How Weight Regain Happens

One of the most painful aspects of weight loss is weight regain.  Has this scenario happened to you?  You’ve struggled and deprived yourself for months, losing weight.  And, then, one day you “wake up fat” again.

Watch this video where actor Kevin James explains it perfectly:

 

http://www.youtube.com/watch?v=KnC9BzXso90

 

What were his key words?

“I’m going to give myself a little time to have fun….”

Yep, that’s what started it all!

Another key thing he said?  “I’m going to make a turnaround.”

Have you heard yourself saying either of these things?

They are called denial.

Now, my point is not to ridicule Kevin James.   In fact, since I have coached clients in the film business and worked in it too, I can tell you the methods used to get in shape for a film are often gruesome, even more restrictive and debilitating than most of us mortals, who aren’t being paid hundreds of thousands (or millions!) of dollars, could endure.

And, if our mortal efforts results in regain 99% of the time, Hollywood weight loss is almost guaranteed to return.  You see this over and over, as actors regularly bulk up, then lose weight, invariably winding up in midlife as overweight, metabolisms shot, bodies energetically depleted.  It happened to Marlon Brando and Elizabeth Taylor in the old days.  It happened to Russell Crowe and Christina Aguilera more recently.
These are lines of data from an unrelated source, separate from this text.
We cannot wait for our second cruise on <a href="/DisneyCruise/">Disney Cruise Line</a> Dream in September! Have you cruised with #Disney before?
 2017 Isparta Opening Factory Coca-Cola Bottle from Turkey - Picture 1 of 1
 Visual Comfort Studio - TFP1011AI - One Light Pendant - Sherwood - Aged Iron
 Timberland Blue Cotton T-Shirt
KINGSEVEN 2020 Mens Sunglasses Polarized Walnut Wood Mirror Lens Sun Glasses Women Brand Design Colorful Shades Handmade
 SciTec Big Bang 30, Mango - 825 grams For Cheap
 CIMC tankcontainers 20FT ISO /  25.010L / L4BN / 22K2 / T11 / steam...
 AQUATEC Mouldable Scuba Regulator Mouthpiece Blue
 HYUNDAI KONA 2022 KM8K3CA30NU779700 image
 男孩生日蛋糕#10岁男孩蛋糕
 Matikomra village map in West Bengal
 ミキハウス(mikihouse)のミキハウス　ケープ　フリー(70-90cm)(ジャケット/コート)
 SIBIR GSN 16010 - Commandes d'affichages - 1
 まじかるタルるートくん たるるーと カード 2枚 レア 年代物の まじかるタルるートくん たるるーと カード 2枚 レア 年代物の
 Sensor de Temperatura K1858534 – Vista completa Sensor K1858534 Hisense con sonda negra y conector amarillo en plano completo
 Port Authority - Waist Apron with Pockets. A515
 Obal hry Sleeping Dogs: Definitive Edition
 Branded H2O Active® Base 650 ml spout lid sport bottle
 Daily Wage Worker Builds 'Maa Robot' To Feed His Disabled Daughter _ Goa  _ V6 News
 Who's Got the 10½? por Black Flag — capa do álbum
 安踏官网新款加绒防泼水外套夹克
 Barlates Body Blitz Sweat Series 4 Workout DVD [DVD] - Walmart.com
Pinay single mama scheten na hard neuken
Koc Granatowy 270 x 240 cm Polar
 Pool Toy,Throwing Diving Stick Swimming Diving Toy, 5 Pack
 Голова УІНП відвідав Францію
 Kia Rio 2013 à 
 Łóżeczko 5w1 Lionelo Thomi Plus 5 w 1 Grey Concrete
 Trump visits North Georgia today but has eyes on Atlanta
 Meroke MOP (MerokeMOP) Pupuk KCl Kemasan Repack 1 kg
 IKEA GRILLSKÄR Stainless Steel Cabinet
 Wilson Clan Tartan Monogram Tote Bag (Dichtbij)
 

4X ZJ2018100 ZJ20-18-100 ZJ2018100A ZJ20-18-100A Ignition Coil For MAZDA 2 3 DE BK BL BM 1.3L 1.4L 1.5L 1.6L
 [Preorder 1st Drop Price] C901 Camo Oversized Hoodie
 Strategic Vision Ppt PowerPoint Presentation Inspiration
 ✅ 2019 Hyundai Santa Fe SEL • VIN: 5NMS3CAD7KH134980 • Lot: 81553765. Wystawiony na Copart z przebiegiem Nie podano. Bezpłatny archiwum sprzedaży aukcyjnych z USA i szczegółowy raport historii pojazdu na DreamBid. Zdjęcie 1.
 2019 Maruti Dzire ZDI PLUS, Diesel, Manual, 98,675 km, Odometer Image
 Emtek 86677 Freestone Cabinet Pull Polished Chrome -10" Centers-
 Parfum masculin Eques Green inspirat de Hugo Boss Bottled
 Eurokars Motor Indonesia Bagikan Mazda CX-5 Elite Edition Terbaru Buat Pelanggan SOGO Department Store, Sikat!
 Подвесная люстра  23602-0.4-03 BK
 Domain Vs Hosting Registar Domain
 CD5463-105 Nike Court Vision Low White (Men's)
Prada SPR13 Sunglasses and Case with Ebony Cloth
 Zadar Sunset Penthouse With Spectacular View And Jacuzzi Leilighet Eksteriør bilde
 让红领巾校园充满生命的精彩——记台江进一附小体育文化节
And even though it’s a legitimate point how differently media treat male and female regainers (media and tabloids follow female regainers around ruthlessly – see this recent article where Christina Aguilera talks about how she was “forced” to be toothpick thin early in her career, with producers telling her an entire tour would fail if she was anything but tiny), they didn’t seem to talk too much about Kevin James’ regain.

He wasn’t ridiculed or plastered on the cover of People magazine.

He didn’t find a “plus sized” label in front of his name, like comedienne Aidy Bryant, a new regular cast member of Saturday Night Live, discovered in front of her name in the articles about her new job.  (See this article calling her “morbidly obese” and suggesting thin women run for the ho-hos.)

No, the point is Kevin’s regain.  Despite his sense of humor (haven’t we all developed good senses of humor about our weight?), you can see behind his apology.

As I recently told a client who got to goal weight and began to slip:  there is only one way to eat.

Period.

No “I’ll just give myself a break…”

No “I’ll get back on the wagon….”  Remember Oprah’s wagon?  There is no wagon.

There is only now.  And how we feed and treat ourselves right now will show up tomorrow.  There is only one way to eat.  And that is in the healthiest way possible, especially given the crap that’s hawked in our faces every day, screaming from every billboard, sign and screen.

Let’s eat in a way that makes us proud of ourselves today, and makes tomorrow great.

We all know how to do this, if we stop and pay attention.  We know how to treat ourselves with dignity.